# Gigs less than $20



## Bullshark (Mar 19, 2009)

I went to boaters world today for there sale and along with alot of other stuff got a stainless steal flounder gig. I have a good boat for gigging and a couple of 1,000,000 candle power hand held lights. Can some of you give me some suggestions on how to go about putting this gig to use. I live in Navarre and my plan is to hit the docks at night arround the Woodlawn ramp. Is that a good idea? Should I mount my trolling motor to the front or the rear of the boat? If the trolling motor is in the front will it scare the fish before I have a chance to gig it? Any tips will help, Thank you.


----------



## Gnwdad (Oct 14, 2007)

I not familiar with the Woodlawn area myself, so no advice on that. Using the handheld lights off of a boat is going to be tough IMO. I have shined my one million candle power "Q" beam in the water many times and the glare was to bad to see. You will get many opinions on trolling motors, I have used trolling motors on all my rigs and have had very few spoked off by it. I have ran over several with my trolling motor prop just inches from them, backed up and giged them.

I have killed plenty around docks, grass beds, sandy bottoms, muddy bottoms, deep water, shallow water, sand bars etc.
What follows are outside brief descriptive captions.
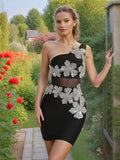 Dadizhimu Light Luxury High-End Feeling Heavyweight Corset Dress Women 2025 Summer New Bag With A Long Skirt Women's Clothing Tide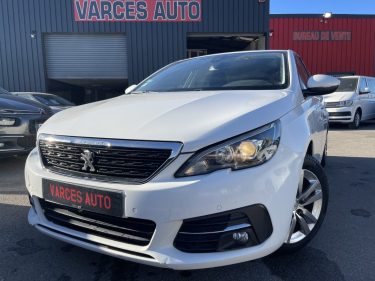 PEUGEOT 308 II 1.5 BLUEHDI 100 2018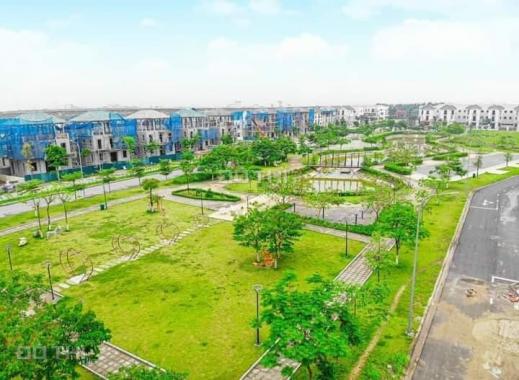 Chỉ từ 5,6 tỷ sở hữu ngay biệt thự Centa Riverside Từ Sơn, siêu VIP, giá gốc chủ đầu tư. 0984422588
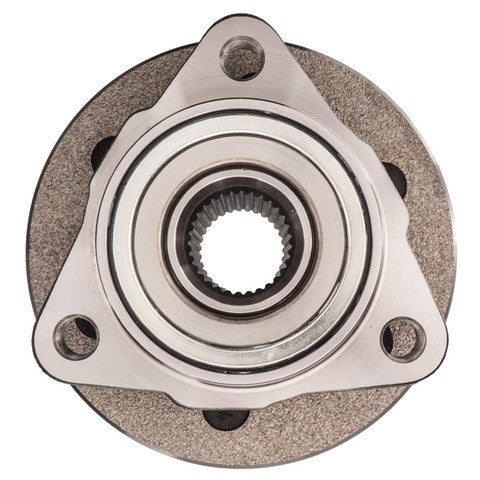 Power Train Wheel Bearing and Hub Assembly P/N:PT515007 Fits: Dodge Dakota 04-97, Dodge Durango 03-98 - Image 4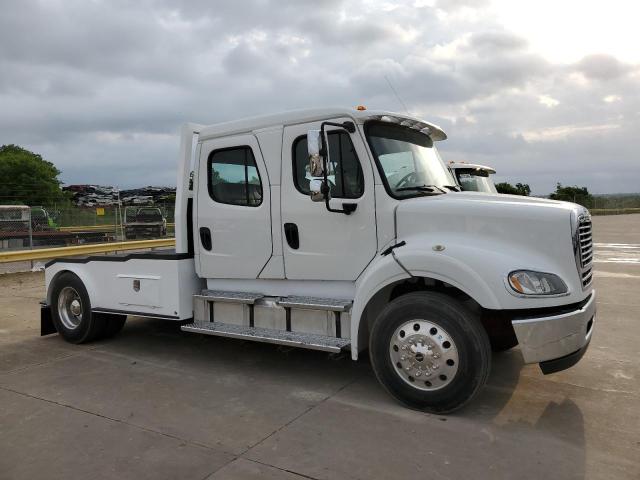 2016 FREIGHTLINER M2 112 MEDIUM DUTY, 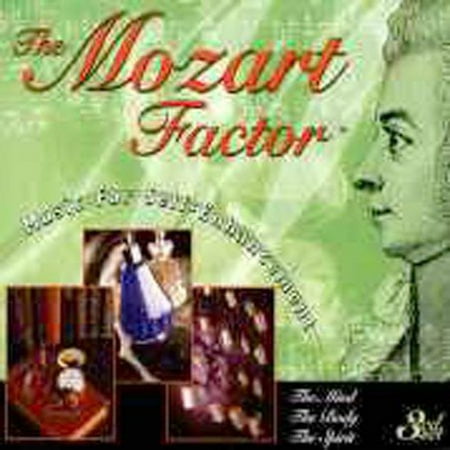 Music For The Self-Enhancement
If there feeding they will be just about anywhere, it may take some time to spot them though. The longer they bed in one spot the harder they become to spot.


----------



## Death From Above (Sep 28, 2007)

If what you found at Boaters World is a Strike King gig head, start by throwing it away and getting something that will hold a flounder. Strike King gig heads suck!!


----------



## JoeZ (Sep 30, 2007)

You should start by pickking me up -- I live at that ramp -- and we'll take it from there.


----------



## FlounderAssassin (Sep 28, 2007)

from my experiance...mount your TM just like in those pics i sent you a wile back...that will be your best bet to keep the boat under control. whatever side you mount it on put that side of the boat away from the beach so that it will be in a little more water and allow you to put more of the boat in shallow water for the nights that they are up close to the beach. and i have never spooked a fish off with the TM...just like gnwdad i have passed the prop inches from them...turned around and stabbed him!


----------